In routine recordings of tibial nerve somatosensory evoked potentials (SEPs), a global central conduction time is evaluated by measuring the interval between the segmental spinal N22 potential, recorded in the lumbar region, and the cortical P39 potential. In this study, we tested the reliability of the scalp far-field P30 potential, which originates in the vicinity of the cervico-medullary junction, in order to evaluate separately intraspinal and intracranial conduction in normal subjects and patients with cervical cord and intracranial lesions. P30 and cortical P39 potentials were studied in 23 healthy subjects and in 70 patients with cervical cord (n = 47), brainstem (n = 11) or hemispheric lesions (n = 12) selected on the basis of neuroimaging--computed tomography (CT) or magnetic resonance (MR)--findings. ⋯ Combined abnormalities of P30 and P39 potentials thus indicate that conduction is impaired at the spinal level and proved to be particularly informative for detecting spinal cord dysfunction in patients with neuroimaging evidence of a narrowed cervical canal.
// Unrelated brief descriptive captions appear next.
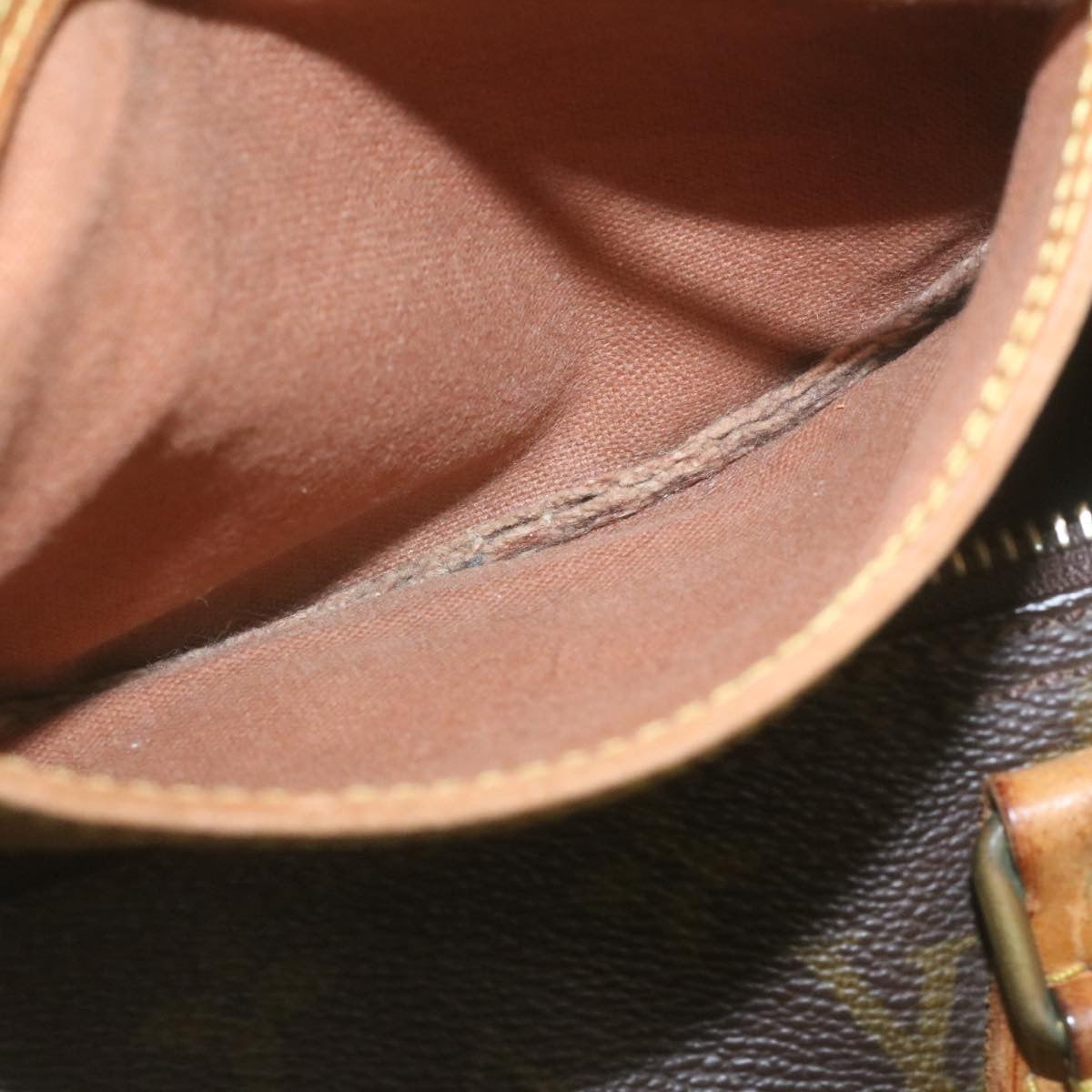 LOUIS VUITTON Monogram Speedy 35 Hand Bag M41524 LV tp232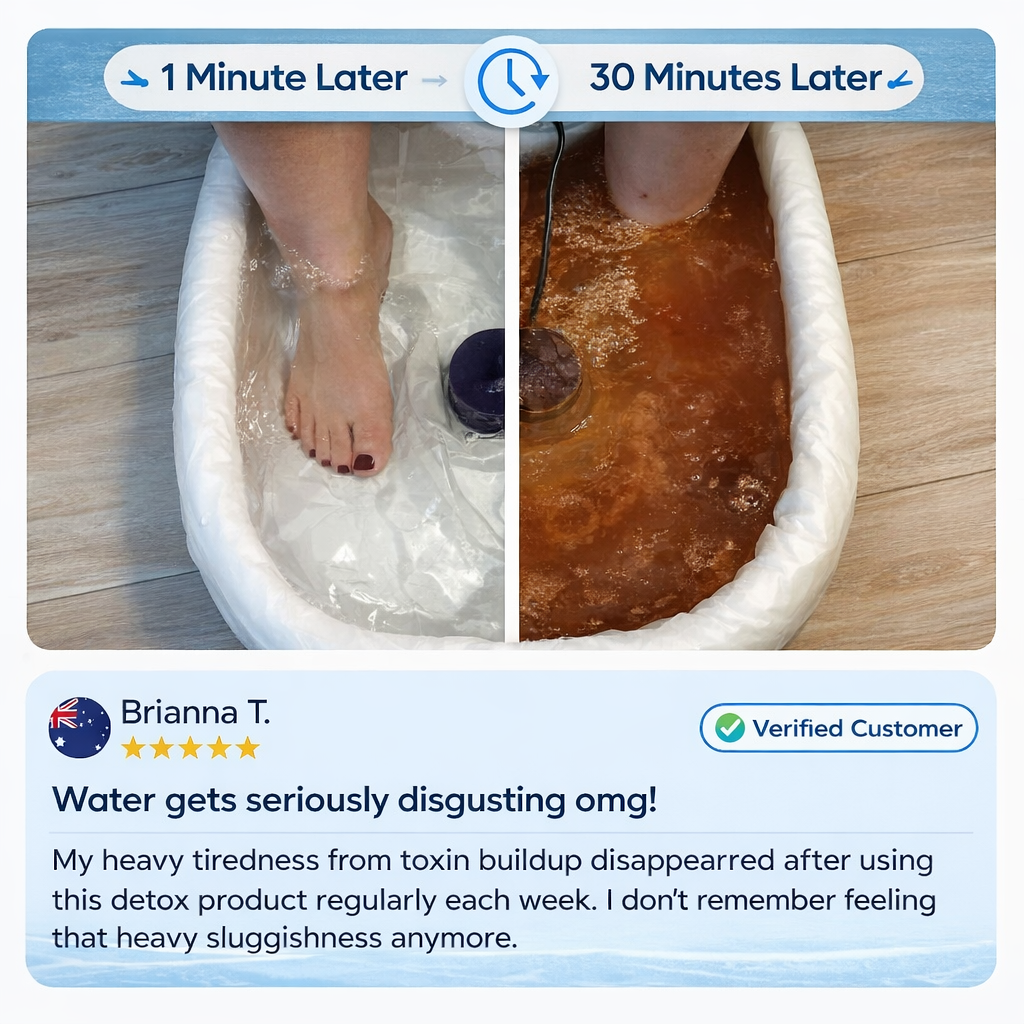 Portable Ionic Foot Detox Spa Machine
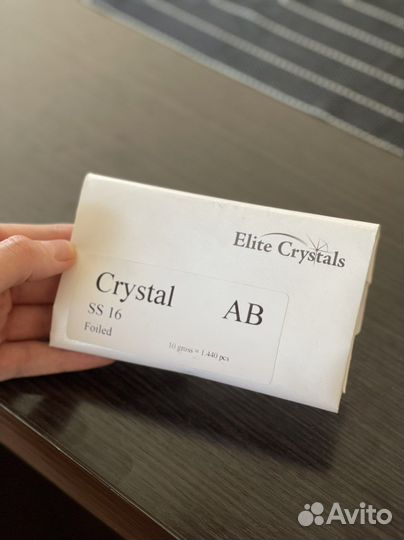 Стразы SS16 1440шт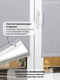 Миниатюра изображения товара Рулонная штора Sundays Home LM 168-07 67x215 (серый)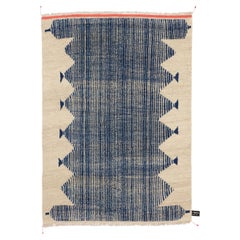 Primitive Weave 4 in Navy Finish, cc-tapis Handmade rug by Chiara Andreatti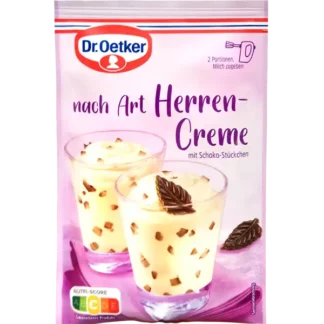 Dr. Oetker Postre al estilo Herrencreme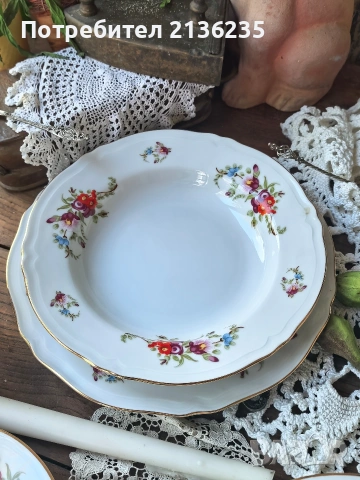 Сервиз за хранене , снимка 2 - Сервизи - 55015747
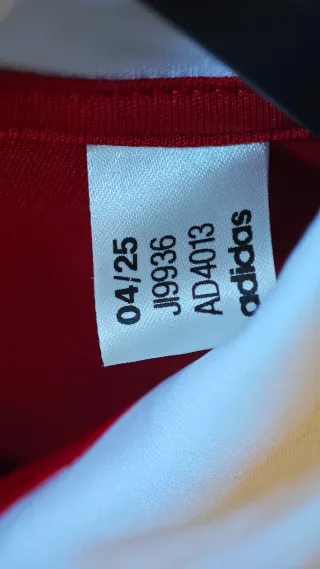 Camiseta Sevilla FC 25/26 Adidas Original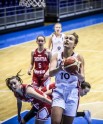 Basketbols, sieviešu U20 Eiropas čempionāts: Latvija - Horvātija - 12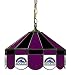 Imperial Colorado Rockies Licensed 16-Inch Diameter Stained Glass Pub Light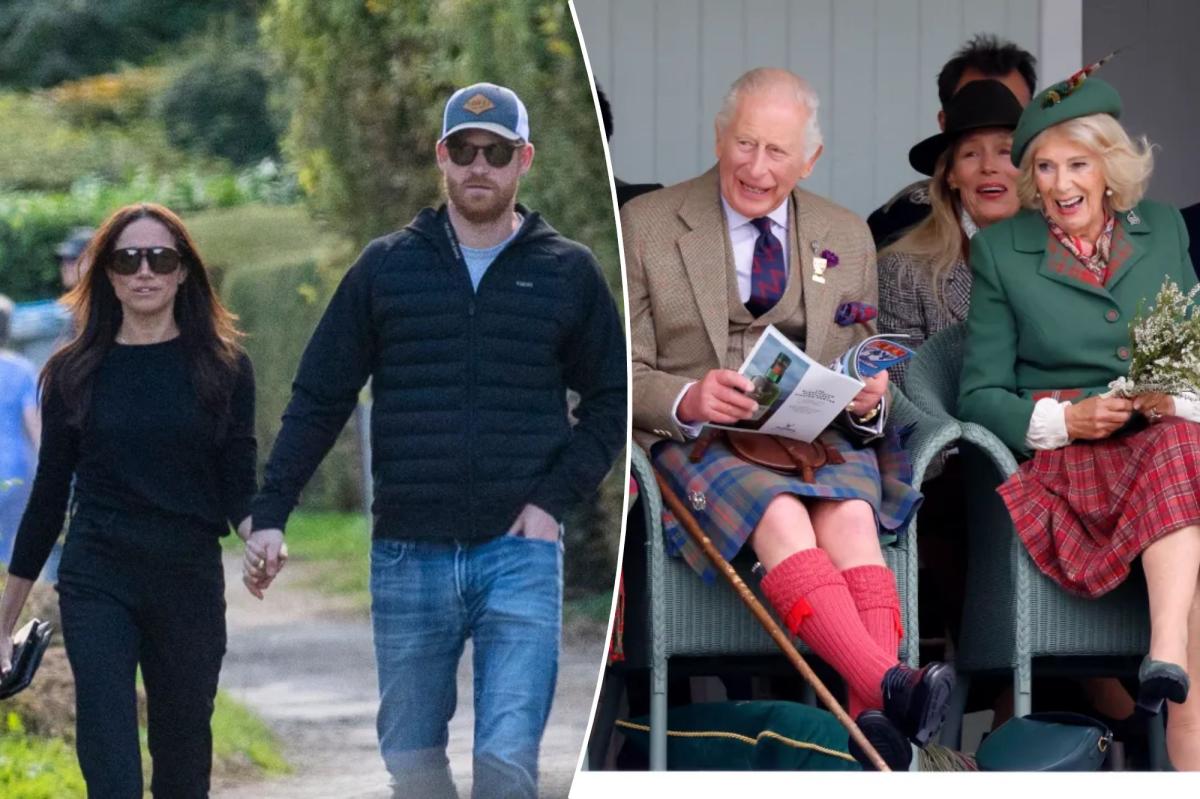 Prince Harry, Meghan Markle still not seen King Charles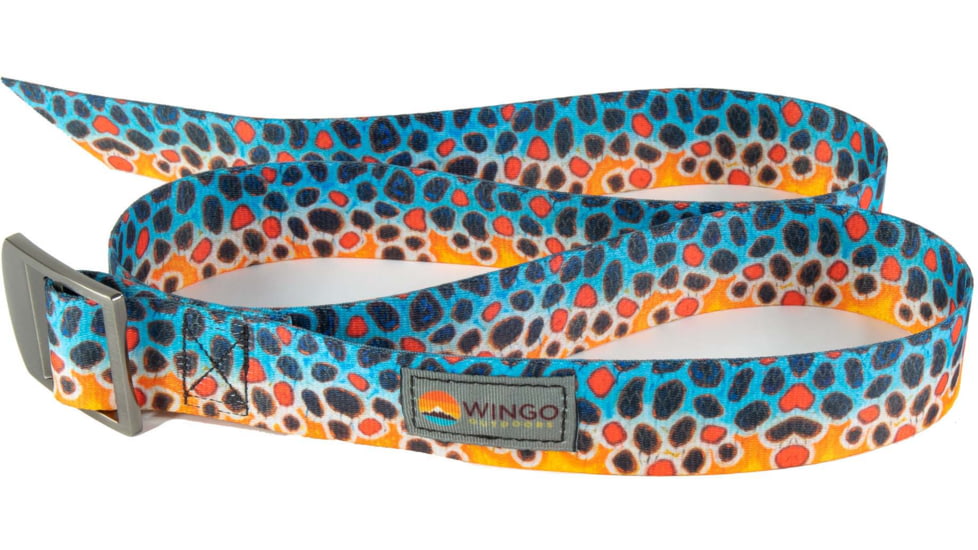 Wingo Outdoors Basecamp Belt, DeYoung Brown Trout, One Size Fits Most, W-BAS-602-OS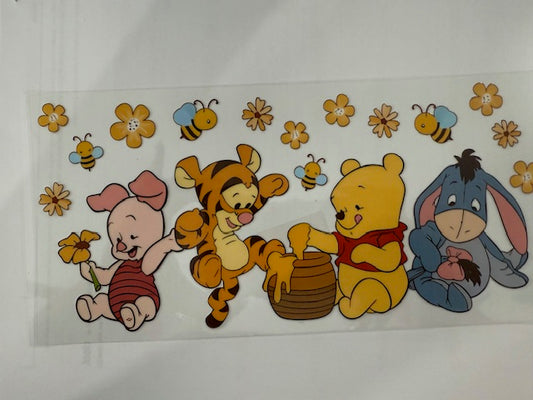 Winnie the Pooh and Friends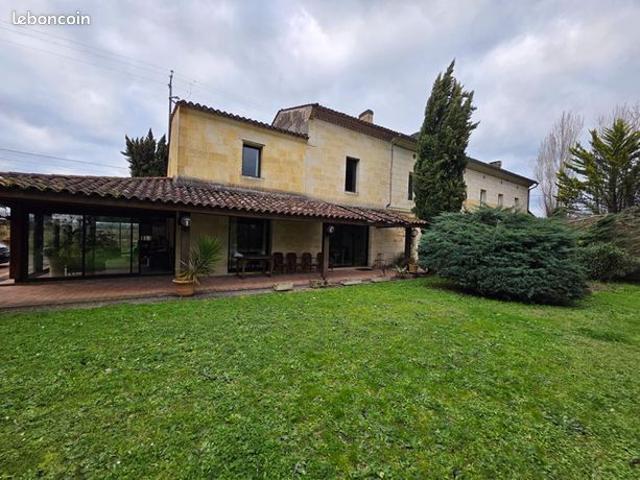 Maison vente à Libourne, Saint-emilion
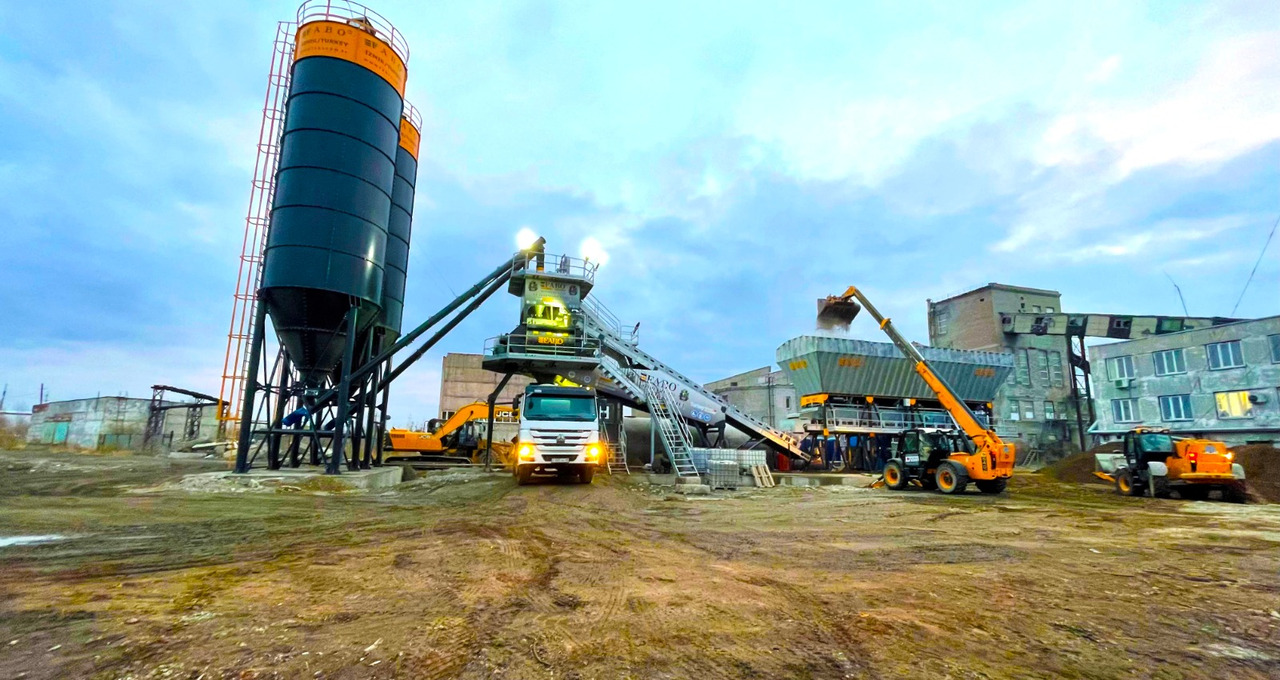 FABO compact concrete plant - Betona rūpnīca: foto 3 FABO compact concrete plant - Betona rūpnīca: foto 3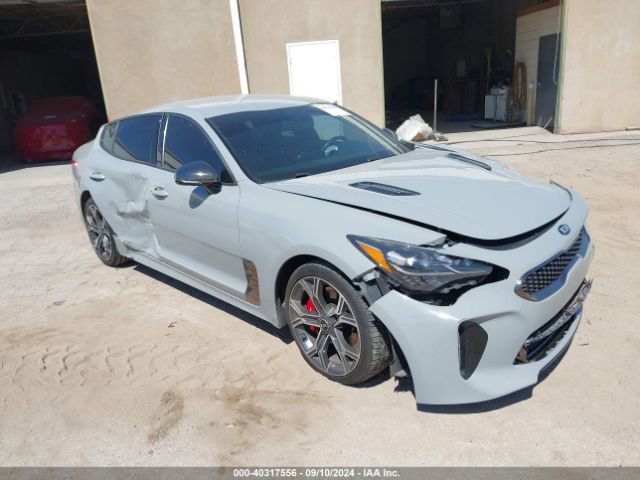 kia stinger 2018 knae35lc1j6040275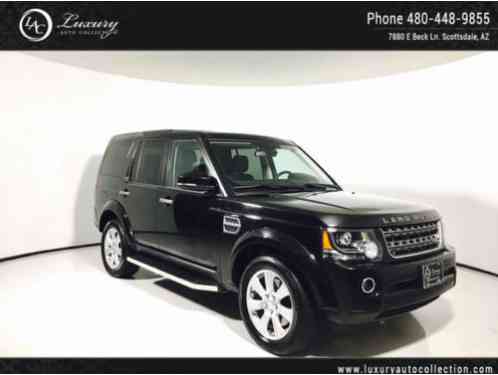 Land Rover LR4 HSE | Navigation | (2016)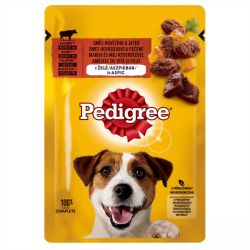 Pedigree σε φακελάκι με βοδινό  100 g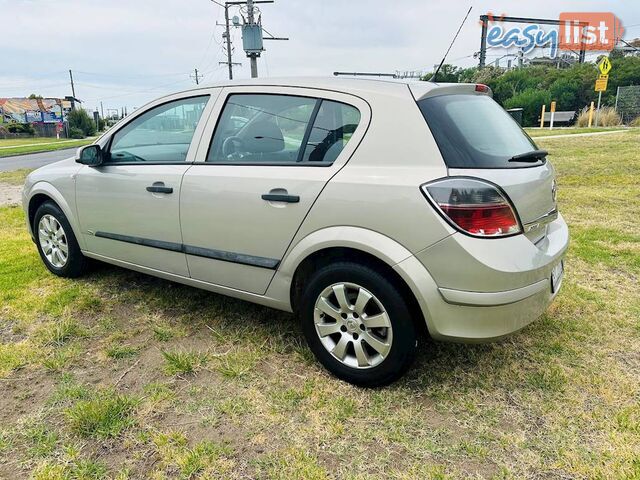 2008  HOLDEN ASTRA 60th Anniversary AH MY08.5 HATCHBACK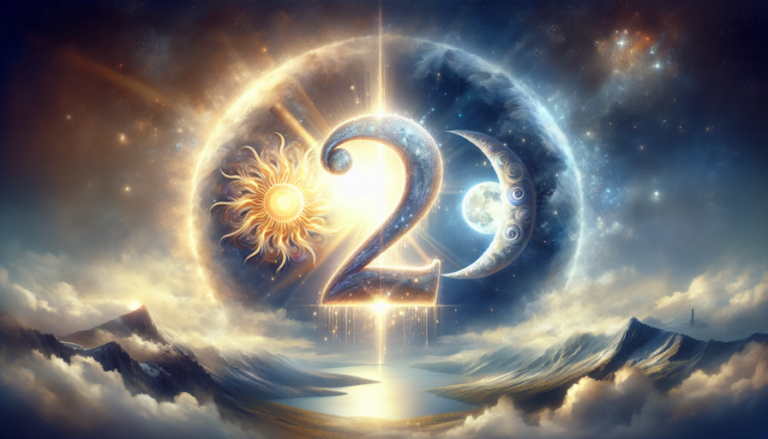 significado del número 2 en lo espiritual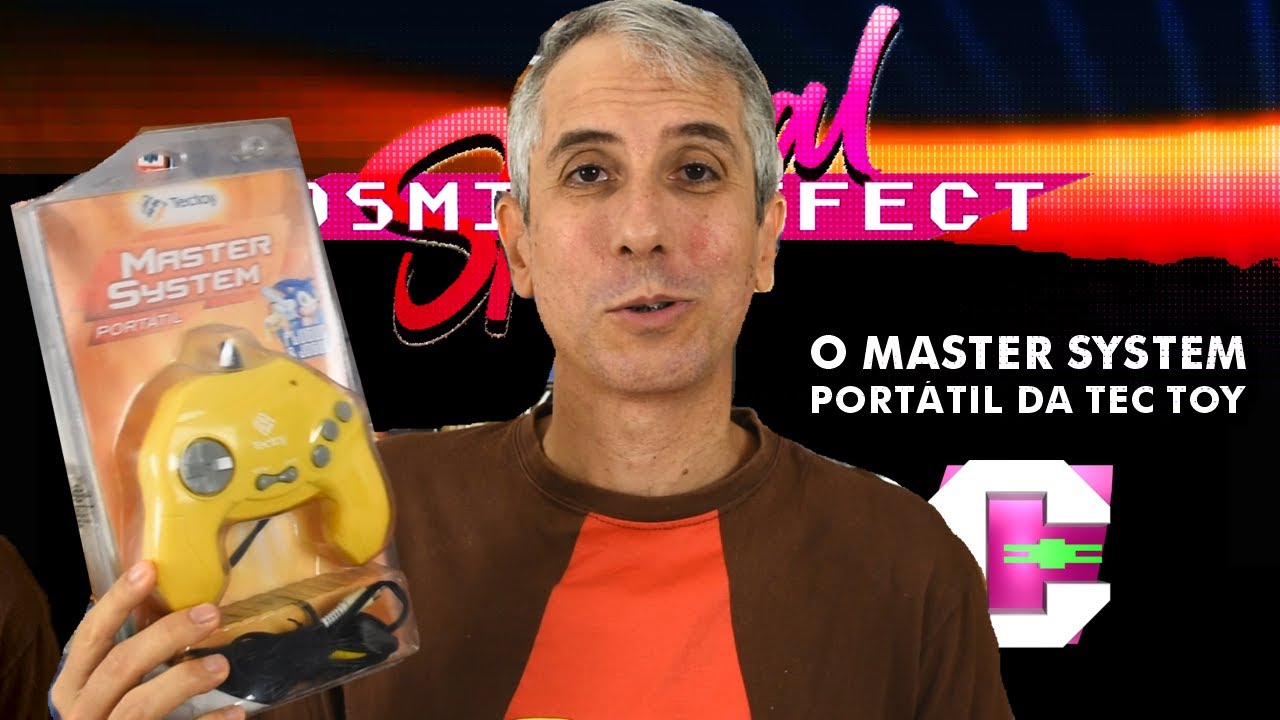 O Master System Portátil Da Tec Toy | CFX - YouTube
Recording of abnormal N13, P14, or P30 potentials provided evidence of a cervical cord dysfunction in 66% of patients who had a suspected spondylotic myelopathy. Recording of tibial nerve P30 potential has proven to give reliable and useful information when a separate assessment of intraspinal and intracranial somatosensory conduction is needed; it merits inclusion, as does the upper limb N13 potential, in the evaluation of patients whose MR image indicates cervical canal narrowing.